But with the government gradually easing import restrictions, the industry is slowly yet surely resurging. “Companies are experiencing some relief with regard to the vehicle import programme [in place] so going forward, people are expecting something positive,” noted Rohana Dissanayake.

On an LMDtv interview, the Group Chairman and Managing Director of David Pieris Holdings noted that import restrictions have given rise to new trends in the industry: “Since imports were not possible, people depended on after sales services so most companies focussed on [expanding] their vehicle service operations to the outstations.”

Adding to this, he pointed out that companies have been able to “offer better service to customers and gain numbers.”

Curtailing imports of vehicle spare parts has also transformed local businesses. “Firms were compelled to work with local industries since components had to be sourced through them,” Dissanayake elaborated, adding that this has led to “opportunities for component manufacturers, creating domestic employment opportunities.”

It is unclear when the vehicle import ban will be abolished, which is also stalling the takeoff of other emerging trends like hybrid or electric vehicles.

“Until those things happen, the industry may have to focus more on providing after sales services, gaining as much income as possible, and focussing on technology to improve efficiencies and run businesses.”

Tax hikes aren’t helping either. As Dissanayake pointed out, “tax hikes have definitely increased vehicle and commodity prices. If you are in a competitive industry, tax hikes are quite normal but what’s happened in the Sri Lankan context is the cost of living has really gone up, creating a situation where disposable incomes have gone down.”

“Earlier, people used to acquire vehicles mostly on easy payment schemes through finance companies and bank loans; but today, because instalments have gone up and disposable incomes have come down, paying rentals has become tough – which is why sales numbers have fallen,” he explained.

However, not all is doom and gloom in the motor industry. “There are a reasonable number of vehicles being exchanged as secondhand vehicles,” Dissanayake revealed.

Furthermore, Sri Lanka’s automobile component manufacturing sector is gaining momentum and becoming a foreign exchange earner. The government is supporting this positive trend and has put in place a strategic plan to establish a specialised automobile component manufacturing zone to attract foreign companies to establish joint ventures.
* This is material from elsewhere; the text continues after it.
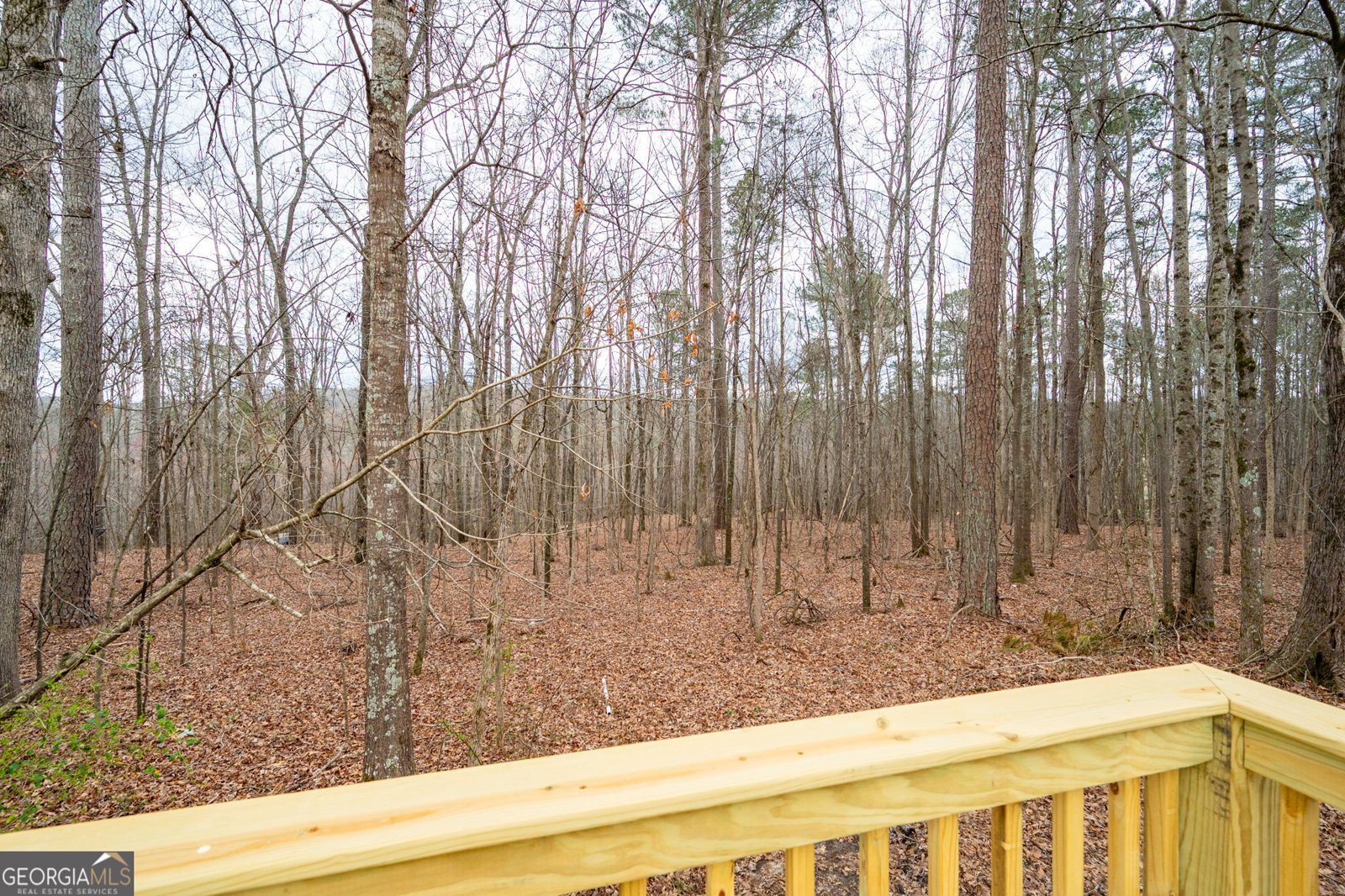 8951 BREWER Road Douglasville - 17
The Group Chairman and Managing Director of David Pieris Holdings believes that this will provide many job opportunities while enabling small businesses to garner support: “What we should be doing is encouraging local component manufacturers to produce components and look at export markets because that’s what this country requires.”

And Dissanayake highlighted how Sri Lanka also has work to do to harness the potential of electric vehicles.
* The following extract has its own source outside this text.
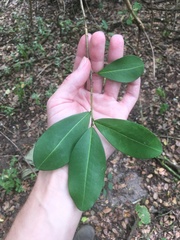 Erythroxylum glaucum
He explained: “Cost saving motor transportation solutions is a requirement so electric vehicles will become very handy. What’s required is the infrastructure to service these vehicles, charge them and measure their performance.”
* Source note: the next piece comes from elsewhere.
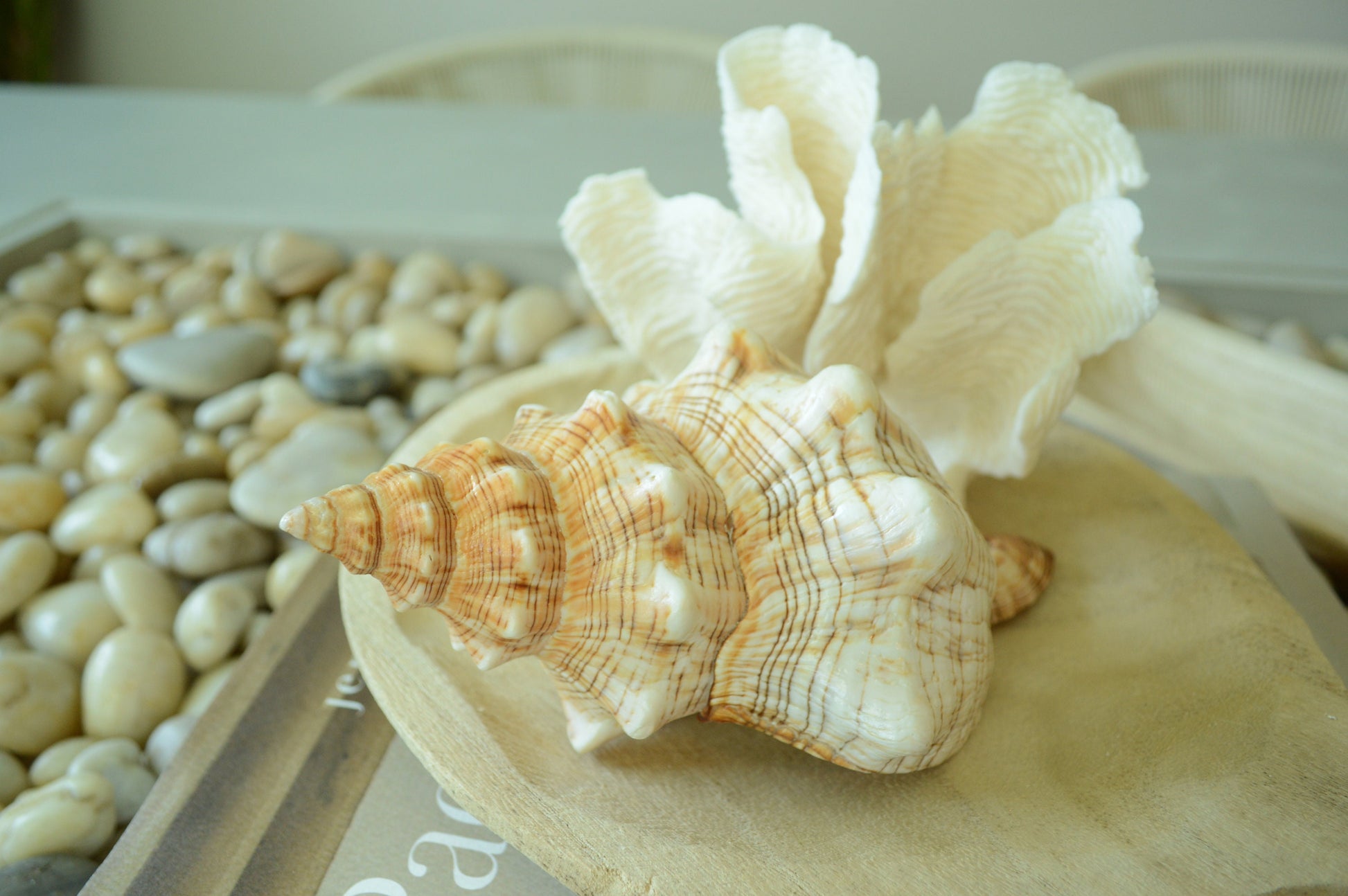 100% Natural Striped Fox Horse Seashell 5-7" You Pick Length, Sea Shell Coastal Beach Conch Wedding Décor Airplant Holder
Sri Lanka’s motor industry stakeholders have endured many ordeals with companies shutting down, downsizing operations and reducing staff numbers. On the brighter side, he observed that businesses have “expanded their service network to focus more on after sales services” and some have ventured into other business areas or diversified.

“It’s important for any business to have a focus and commitment to do the best it can, and allow the rest to follow,” Dissanayake concluded.